Dead as a dodo


      • something is no longer relevant or useful
        To describe a person, object, or idea that is obsolete or has become extinct, and has no relevance or value in the present or future.

      • certainty of death
        To emphasize that someone or something is definitely dead and cannot be revived or brought back to life.

    Examples of Dead as a dodo

    • The project was dead as a dodo after the CEO presented his new ideas to the board.

      The project was completely failed and abandoned because the CEO's new ideas were so poorly received by the board that it was equivalent to the extinction of the dodo bird.

    • The old-fashioned marketing techniques were as dead as a dodo in today's digital age.

      The traditional marketing approaches have become completely obsolete and irrelevant in the current digital era, just like how the dodo bird became extinct due to its inability to adapt to changing circumstances.

    • The startup's funding proposal was dead as a dodo the moment the investors heard about the high-risk and uncertain returns.

      The investors immediately rejected the startup's funding proposal due to its high-risk and uncertain returns, which effectively killed the startup's chances of success, just like how the dodo bird became extinct due to the absence of predators in its ecosystem.

    • His morale was dead as a dodo after his team failed to deliver the project on time, and he resigned from the company soon after.

      His spirit was completely deflated and demoralized after his team failed to meet the project's deadline, resulting in his eventual resignation from the company, just like how the dodo bird became extinct due to its lack of motivation and survival skills in the face of competition.

    • The party was dead as a dodo by eleven o'clock.

      The party seemed to drop dead just like the extinct bird dodo by eleven o'clock as there was no one left dancing or having fun.

    • I don't see any point in continuing this conversation, it's as dead as a dodo.

      I think the conversation we're having right now is dying slowly and will eventually die out completely just like the dodo bird.

    • His business ideas are as dead as a dodo.

      His business ideas seem so outdated and impractical that it's as if they have gone extinct just like the dodo bird.

    • The job market in this town is dead as a dodo.

      The job market in this town has become nonexistent just like the dodo bird that is already extinct.


    The idiom "dead as a dodo" is commonly used to describe something or someone that is no longer relevant or useful.
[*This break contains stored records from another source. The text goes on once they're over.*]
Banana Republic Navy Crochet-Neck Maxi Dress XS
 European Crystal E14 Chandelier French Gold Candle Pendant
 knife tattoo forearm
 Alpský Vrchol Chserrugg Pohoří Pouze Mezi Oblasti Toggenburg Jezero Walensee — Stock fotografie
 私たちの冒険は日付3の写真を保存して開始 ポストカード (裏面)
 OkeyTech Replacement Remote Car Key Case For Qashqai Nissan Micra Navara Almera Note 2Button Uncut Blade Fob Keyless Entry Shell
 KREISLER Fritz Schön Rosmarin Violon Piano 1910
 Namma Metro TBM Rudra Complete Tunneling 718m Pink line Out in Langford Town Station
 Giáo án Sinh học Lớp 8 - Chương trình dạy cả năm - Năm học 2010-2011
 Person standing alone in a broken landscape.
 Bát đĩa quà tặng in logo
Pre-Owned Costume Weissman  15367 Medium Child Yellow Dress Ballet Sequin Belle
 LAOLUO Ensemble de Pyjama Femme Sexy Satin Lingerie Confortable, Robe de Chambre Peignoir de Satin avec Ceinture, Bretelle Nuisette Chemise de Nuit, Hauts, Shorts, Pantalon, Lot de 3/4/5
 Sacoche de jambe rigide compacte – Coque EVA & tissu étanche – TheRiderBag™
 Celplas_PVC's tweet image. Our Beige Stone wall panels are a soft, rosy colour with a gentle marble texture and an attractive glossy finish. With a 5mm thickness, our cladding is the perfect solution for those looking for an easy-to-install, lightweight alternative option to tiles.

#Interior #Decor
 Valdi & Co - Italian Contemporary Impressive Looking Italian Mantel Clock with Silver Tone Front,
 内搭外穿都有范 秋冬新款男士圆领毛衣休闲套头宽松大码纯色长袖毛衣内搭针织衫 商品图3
This can refer to outdated technology, ideas, or people who are stuck in the past and unable to adapt to current times. It can also be used to emphasize the finality of death, and to convey the idea that there is no hope for revival or resurrection.

    The use of the word "dead" in this idiom adds a sense of finality and certainty, emphasizing that the subject is beyond any possibility of coming back to life. The comparison to the dodo, a flightless bird that became extinct in the late 17th century, adds a touch of humor to an otherwise somber phrase.

    Origin of "Dead as a dodo"

    The dodo was a large, flightless bird that lived on the island of Mauritius in the Indian Ocean. It was first discovered by Dutch sailors in 1598, who described it as a "large, clumsy, and flightless bird." Due to its lack of natural predators on the island, the dodo had no fear of humans and was easily hunted to extinction.

    The phrase "dead as a dodo" is believed to have originated in the mid-19th century, long after the dodo became extinct. It was first seen in Charles Dickens' novel "Bleak House" in 1852, where he used it to describe a character who had recently died. Since then, it has become a common idiom in the English language, used to describe things that are no longer relevant or certain to be dead.